Anyone have success with this 

https://www.woodturnerscatalog.com/...-Generator?term=stabilization+complete+system

Thanks for any help.


----------



## Sprung (Mar 20, 2017)

Jim, each item has a different process. Stabilizing requires vacuum - and thus a chamber able to handle a full, deep vacuum. Casting with Alumilite requires pressure - and a chamber that can handle that pressure. Casting with PR requires neither, though a little vibration certainly helps with PR.
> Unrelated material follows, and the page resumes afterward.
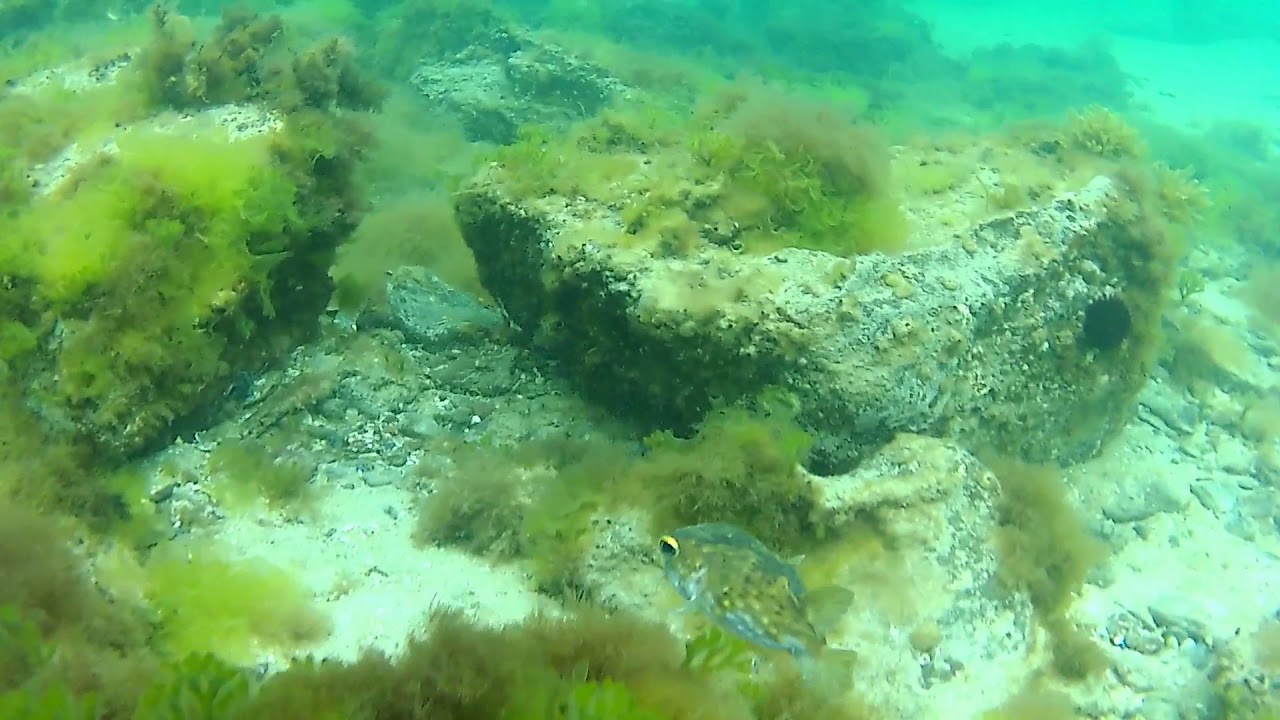 (10000 snapper) snorkerling frankston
The one thing with the Venturi style vacuum generator, which is what's in that kit, is that it doesn't quite achieve full vacuum. In theory it can get to a max of 27in/Hg of vacuum. In reality, you'll probably be a little short of that. Full, deep vacuum can get to close to 30in/Hg, depending on elevation. In my own stabilizing work I have found that once I get it down to about 28in/Hg that it starts to draw out even more than at lower vacuum.

There's also the consideration as to whether or not your want your air compressor cycling on and off for 12 to 24 or more hours while drawing vacuum on your chamber, or if you have a compressor large enough to carry out the task. Most of my batches run 12 to 24 hours under vacuum before I get no more air bubbling out, but sometimes it'll take up to 48 hours.

If you're doing a small handful of pen blanks a few times a year, it might be an ok investment to get the above. But if you're going to be doing a lot of stabilizing, I would recommend getting set up with a proper vacuum pump.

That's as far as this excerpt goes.